The animals’ strategy was to dig into the ground and wait till things got better. As aquatic creatures, preventing desiccation would have been key to their survival. This led the team to hypothesise that Ninumbeehan remained in their burrows until it rained again, avoiding the lethal Triassic heat in what is now Wyoming.

A key clue that Ninumbeehan was an aquatic amphibian was canals in the skull called lateral line sulci. Most fish today have the same canals and they are lined with tiny cells with hairs.

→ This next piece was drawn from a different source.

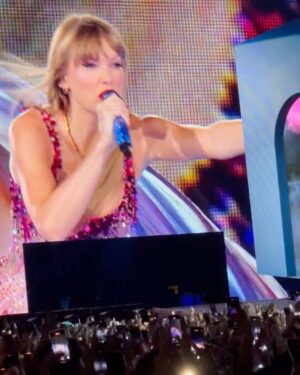 Julieta Nair Calvo Instagram - Viendo a la magnética @taylorswift con mi amor .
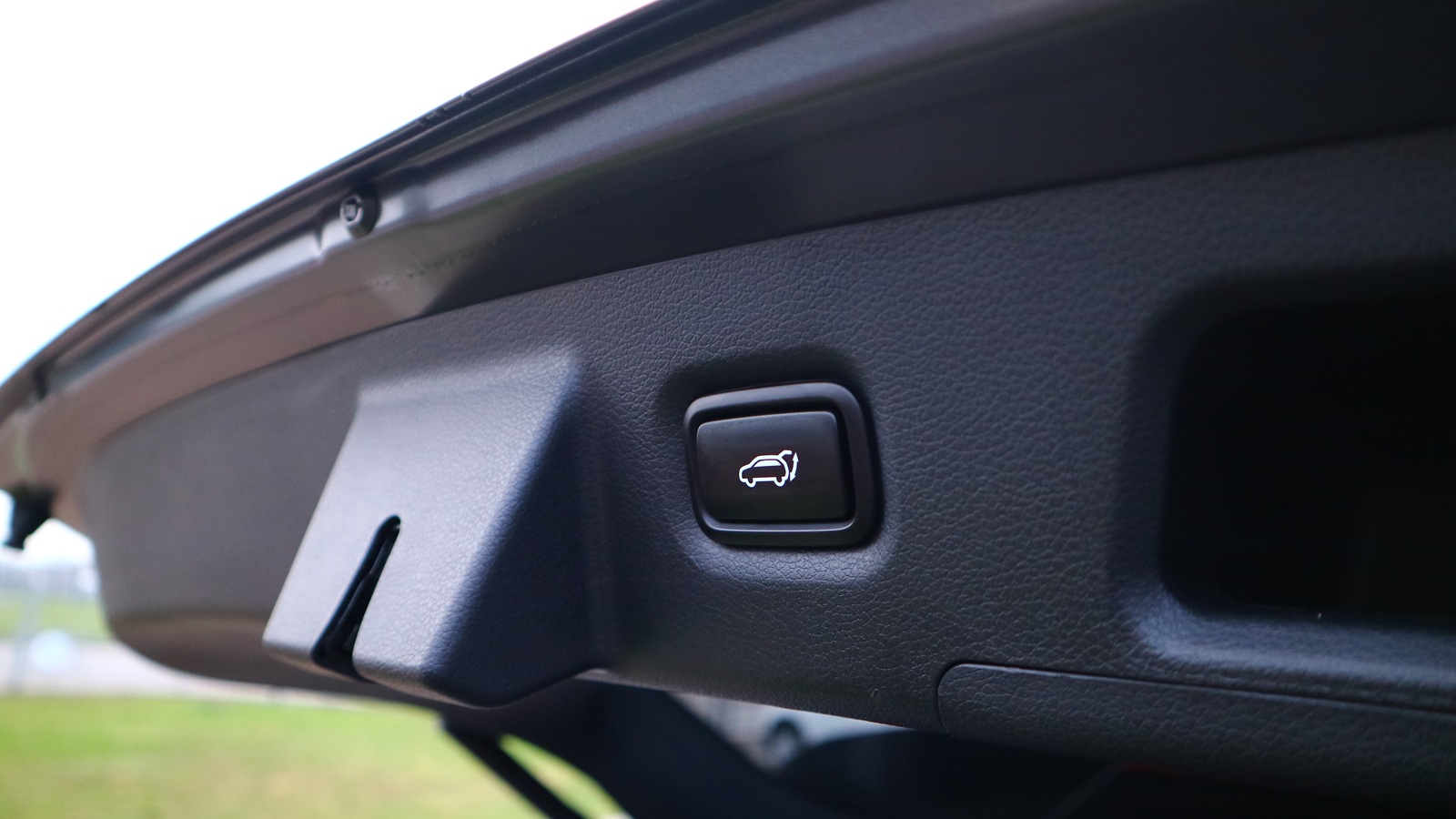 Інші авто HYUNDAI SANTA FE 2018 року з пробігом 192563 км, Універсал, Тойота Центр Київ "Автосаміт Укравто Столичне", м.Київ - 1108000 ГРН | Фото № 23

The process of naming the fossilised amphibian began after a field trip to the fossil sites that included seventh-grade students of the same Fort Washakie School that Teran once attended and where she now teaches.

They were joined by palaeontologists and Eastern Shoshone Elders. This trip stemmed from remote discussions about palaeontology organised by David Lovelace, an author on the paper and a palaeontologist at the University of Wisconsin Geology Museum, US.

Teran proposed to name them after Ninumbee, who are Little People. She described them as spiritual beings in the physical world that can be “reclusive” and sometimes “naughty”, but who can help others “through spiritual ceremony”. Naming this new species after them was a way of honouring them. “Because it was found in their territory,” she said.

The “han” of Ninumbeehan, she explained, is the possessive form. “What you’re saying is ‘Ninumbee’s’ dookoodukah’ or ‘flesh-eater’.” She explained that dookoodukah is a nod to the “little sharp teeth”, because to Teran, this new amphibian “looks like a miniature T. rex”.

Words in Eastern Shoshone, said Amanda LeClair-Diaz, an author of the study and the Indian education coordinator in the Fremont County School District No. 21, don’t always have a direct translation in English. Eastern Shoshone is “more descriptive”, LeClair-Diaz said.

Thus, dookoodukah isn’t just a reference to the teeth, it’s also a way of referring to a pet. That’s how Teran envisioned this new species: Ninumbee’s pet.

LeClair-Diaz said that creating an Eastern Shoshone name and including students in the naming process are significant.

“There’s a lot of research out there that says if students are able to see themselves or see a part of themselves in the curriculum and they’re able to connect to that, that’s really important,” she said. Education, she added, “historically hasn’t been a welcoming place for Native language, identity or culture”.

Instead, LeClair-Diaz said, the goal has been to erase it. She is working to change that in her position at the school district. “There’s a tendency to come into communities, do research, take the research, leave and then publish,” she added.